Things around us were getting more and more unstable and changing very rapidly.

More and more illegal paramilitary groups were forming on all sides. We didn’t know these people. They were not from our area, but their presence was unsettling. They were spreading fear and uncertainty amongst us all.

My parents warned us about these people. They told us that they were war profiteers. They told us not to speak to them, but if they ever asked us anything, we were to always pretend and say that we didn’t know much about anything, in-a-sense to act stupid and uneducated. They told us to always greet them cheerfully, never to antagonise them. We listened to our parents very carefully. I don’t think that my brother and I ever told my parents how scared we were though. We wanted them to be proud of us.

Amongst all of this crazy, the most amazing thing happened. My parents discovered that they were expecting a child. A baby! A baby that I could love and carry and look after.

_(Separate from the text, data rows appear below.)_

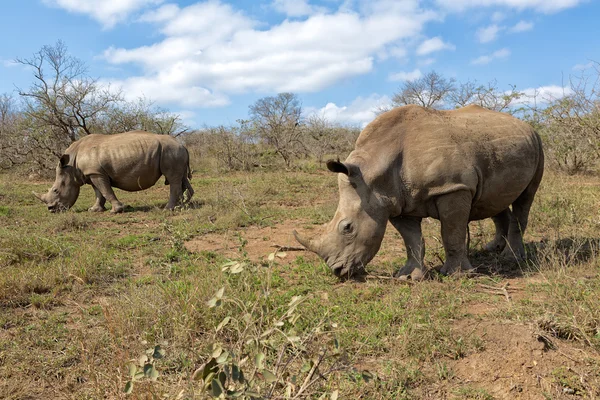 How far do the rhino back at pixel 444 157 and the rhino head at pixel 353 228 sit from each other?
0.19 meters

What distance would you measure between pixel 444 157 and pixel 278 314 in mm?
2467

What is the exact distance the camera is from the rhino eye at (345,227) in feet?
16.1

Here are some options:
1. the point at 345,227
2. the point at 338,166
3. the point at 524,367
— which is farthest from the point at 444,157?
the point at 524,367

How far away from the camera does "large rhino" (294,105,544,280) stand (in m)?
4.82

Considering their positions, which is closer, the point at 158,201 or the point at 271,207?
the point at 271,207

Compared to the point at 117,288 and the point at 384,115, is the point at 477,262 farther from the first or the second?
the point at 117,288

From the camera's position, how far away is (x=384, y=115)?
5.17 meters

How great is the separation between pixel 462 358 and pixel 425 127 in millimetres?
2707

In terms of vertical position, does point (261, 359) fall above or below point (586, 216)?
above

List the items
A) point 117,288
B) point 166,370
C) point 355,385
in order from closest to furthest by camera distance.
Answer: point 355,385
point 166,370
point 117,288

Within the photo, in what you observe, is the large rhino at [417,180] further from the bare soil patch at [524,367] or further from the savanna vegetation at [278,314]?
the bare soil patch at [524,367]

We were all so happy! My parents were so happy; but I do remember my mum crying a lot one evening. She said that she was so worried whether this baby will be delivered safely. She was so worried about the world that she was bringing this new life into. She said that she wished she wasn’t pregnant. I cried with her too, but I kept saying to her that we will help her with the baby and that we will love the baby so much and that we will do what ever we can to make things easier for her.

On the 21st of November, 1991, our sister was born. Both our mother and our sister were perfectly healthy. Everything went perfectly and according to plan.

I was fourteen years old and my brother was almost twelve. Our sister was the best thing to ever happen to us, in the most uncertain of times. She was this perfect baby. She brought so much happiness into our home. Our home was no longer this quiet and sombre home that it became; our home was filled with cooing noises and love for this new life. We had no access to disposable nappies; the only nappies that we could find for her were muslin or terry nappies. This would have been absolutely fine during any other season, apart from winter! We had to rinse them, boil them, rinse them again and then hang them outside. I swear my fingers got stuck to the washing line a few times; it was freezing!
For the next few months, we had many, many visitors! My mother and our sister were given so many lovely presents. They were all homemade presents brought to her from so many different people, from our multicultural neighbours, despite the imminent war that would soon geographically divide us.

They made blankets, knitted clothes and woolly accessories for my sister. They kept bringing my mum cooked meals, so that she can rest as much as possible. My mum was breastfeeding my sister, these kind people wanted to make sure that both my mum & her baby were well nourished. This was such a humbling experience for us. So much kindness and effort went into helping us. These people didn’t have much, but they shared with us what they could.

A continuous celebration of new life in our home was such an uplifting experience to observe. She made us all so happy!

My sister’s birth was this amazing break that we all desperately needed. So much good came out of her birth. So much kindness. She was one guaranteed happiness in our lives. She was so quiet and slept so well. It was as though she knew that she shouldn’t cry at night. Especially during the nights when we had no power; when the only light we had was a single candle.

Soon enough, it was spring again.

Out of all seasons, I absolutely loved spring and summer, year in year out. No matter what was going on around us, new life would begin and flourish all around us, over and over again. This indeed gave me hope over and over again.